Nagios

Rob has gotten allot done with Nagios. Hopefully by the end of the week he should have basic system monitoring (up and down) plus disk space checking on all gear at our data center. Once that is done we can roll out more locations as well as add functionality. He is doing great with it so far. I know Danny wanted to work on the project but he is busy with other issues. I also know Danny would have done a great job on the project, but when he works on stuff like this it seems like it takes him forever to complete stuff. Rob is able to churn out product allot faster. For a time sensitive project like this I am happy with the quick response.

Hopefully this program works out better than our old whatsup system. I can’t wait till the end of the week.

Technorati Tags: , ,

Performance Issues Resolved

After like 4 passes at the configuration of our network (switches, firewall’s, load balancers, etc) Danny found an abonormality that we wanted to correct and see what happened.
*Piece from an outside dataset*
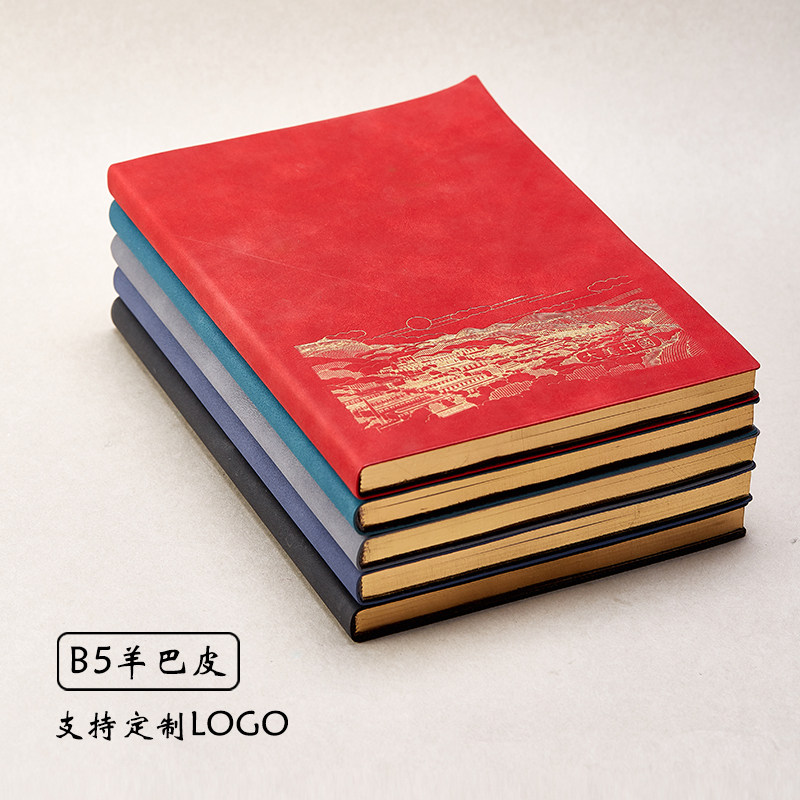 18K故宫文创笔记本子商务办公记事本中国风淘宝文创博物院日记本公司企业伴手礼品礼盒套装定做定制logo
On our core switch side we had the port where our Pix went set to full duplex 100meg, but on our Pix (configured years earlier than our core) it was set to auto. Turns out the Pix does not auto sense the 100meg full, but does not error out in the situation. You don’t even get lost packets, but you do get some collisions. Well some is an understatement.

Later in the day we set the port on the pix to be full duplex 100meg and within a few hours our metrics back to normal. This little change took us weeks to find. This is not the first time I have been burned by a port mismatch. Knowing that we even took steps to prevent this, or we thought we did.

It is frustrating to find such a little issue that does not show with errors causes so much problems..

Rough Days At Work

I have had a few rough weeks at work. Hopefully a fix that went into place today will make things better. I know I am getting worn down, and I think others around me are also. We just don’t talk about it. Not much I can really talk about on this blog. I have written more extensively on my Work blog (password protected for my protection).

Because of the extra work, not much else to report on the social front.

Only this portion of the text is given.